Over the past few years the idea of a career break has become popular. It makes a lot of sense, after all we spend so much of our lives working that when a chance comes along to spend a year or two doing something else, why not seize the opportunity? But the problem may come when you are applying for a job and are trying to explain the gap on your CV. Not every employer recognises the value of a career break and, unless you explain it carefully the fact that you have taken time out can easily count against you.
There are many reasons for taking a career break. You may want to go travelling, you might want to use the time studying for further qualifications. More sadly, you may need to care for an unwell relative. Or you may simply be burnt out and need a break. These are all good, legitimate reasons for a career break, but they all run the risk of counting against you, unless you deal with them properly on your CV.
The first thing to bear in mind is not to use the words ‘Career Break’ on your CV. Instead, find a positive description of what you have been doing.
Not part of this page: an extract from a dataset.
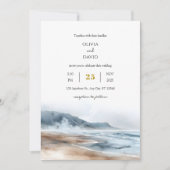 Dusty Blue Coastal Misty Shoreline Beach Wedding Kaart (Voorkant)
If you have been training or studying then of course it is easy, just make sure that you show the relevance of what you have been learning to your career.
But what if your career break has been to care for someone who was unwell? You will need to be a bit more creative in what you say. You might decide to refer to your time as voluntary work, and to explain that you stepped away from your career temporarily for personal development. Similarly, if you have been travelling you might say that you took the opportunity to learn new languages or explore different cultures, as a means of enhancing your knowledge and marketability.
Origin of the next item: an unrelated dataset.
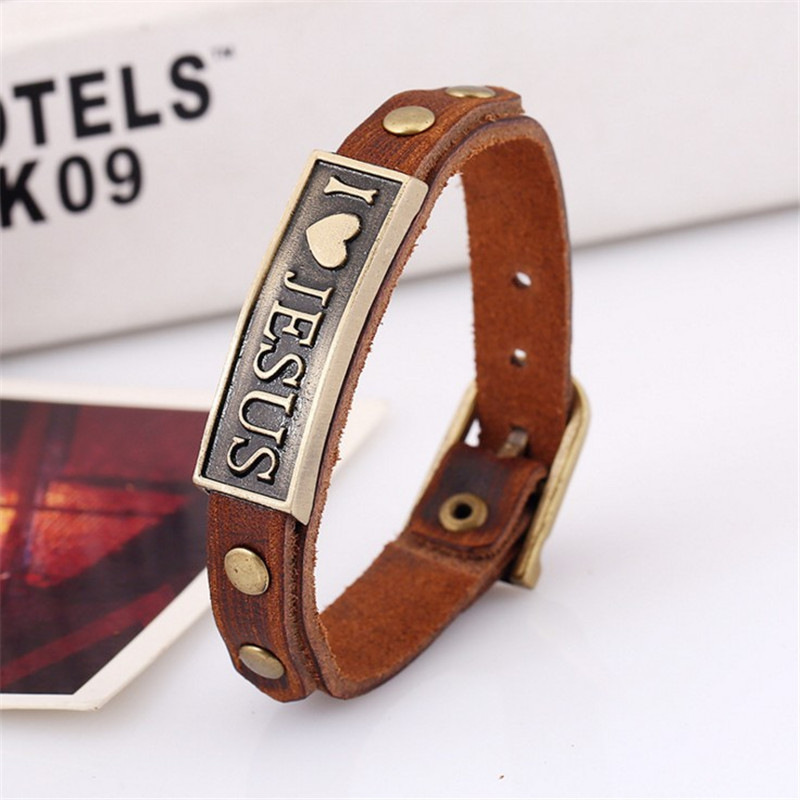 Vintage alloy cowhide bracelet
Of course you are unlikely to completely explain away the fact that you have taken a career break, and it is quite possible that it will continue to put you at a disadvantage as far as some employers are concerned. In which case, the remedy is to get something onto your CV which is more current than your career break; so that the people you are applying to will focus on what you are doing now, rather than the fact that you haven’t been working for some time. This probably means taking a job with a smaller, perhaps a local, company where you can approach them directly and explain face to face what you have been doing, rather than relying on your CV to do the work for you. Most people understand the benefits of a career break when it is explained to them; it’s just that a CV is too impersonal a format to make the case for you.
But probably the most important thing of all is to make sure that if you do take a career break you combine it with some relevant activity, for example studying or voluntary work in a field that relates to your career. A plan like that will save you a lot of frustration when you do finally return to work.